Unlike the many battalions that were made up of men from the same state, the 2/33rd was formed in England in June, 1940, with volunteers from all over Australia who had been shipped to the UK to fight in Europe and the Middle East against Hitler and his allies. Consequently, at war’s end, branches of the association were formed in all states, with headquarters in Sydney. Each state branch organised its own reunions. Over the years, social activities have been an important part of the association’s calendar. In earlier times, golf days, tennis and cricket matches were popular with members and their families.

The Ladies Auxiliary organised dances, picnics and outings, with money going to the orphan’s toy fund.

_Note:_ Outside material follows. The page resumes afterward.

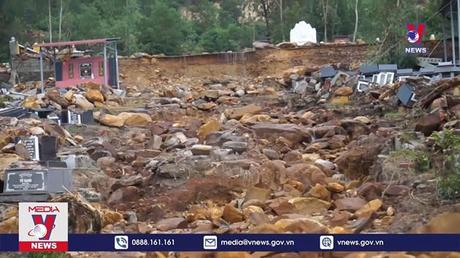 Nhiều ngôi mộ bị đất đá vùi lấp do mưa lũ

Every Christmas parties were held in the various states for the children of the battalion families, with Santa handing out presents to every child.

Association President, Yvonne Unitt, presents proud 2/33rd veteran, Leslie Thomson, with his Patron’s badge during the Anzac Day lunch in 2022.

A highly popular Sydney event was the 2/33rd Association annual ball, initially held at the Pickwick Club, in Bligh Street, Sydney, and in later years at the State Ballroom, Market Street. An example of the ongoing comradeship that flourished through this ball, as well as the other events, is illustrated in the following excerpt from a report about the annual ball in the November, 1949, issue of Mud and Blood.

“ The floor was in tip- top condition and the supper, truly delicious, while the orchestra excelled itself, (possibly assisted by frequent lubricants from the official table). Once again they had prepared a full orchestral score of the Bn’s two songs, and received tremendous vocal assistance from the mob when they swung into ‘We’re Hamburgers Own’ and ‘We are The Second Thirty Third’.

Meetings and reunions were taking place in all directions and everything went swimmingly, there not being a discordant note all night. The Ball was due to end at 1a.m., but the committee, in response to universal demand, had the show extended for an additional half hour.”

From 1945 until 2017 association affairs in NSW were mainly in the hands of former serving members of the battalion, with descendants and friends becoming increasingly involved in the later years. From formation until 2016 all of the presidents were ex-2/33rd veterans.

The first, H.E. “Black Bob” Roberts, was president for many years between 1945 to 1964 resigning twice during these years, firstly for a brief period of a few months in 1952 and again from 1958 to 1961, being re-elected unopposed on both occasions. As Bill Crooks describes in the opening chapter, Roberts, a World War I veteran, was outwardly hard-bitten and every inch the typical R.S.M. Always immaculate in attire and soldierly in bearing he was afraid of no one and instilled discipline in the right measure in the early days of the battalion. He wrote the marching song the “We Are the Fighting Seventy Second” which was sung to the tune of “Men of Harlech”.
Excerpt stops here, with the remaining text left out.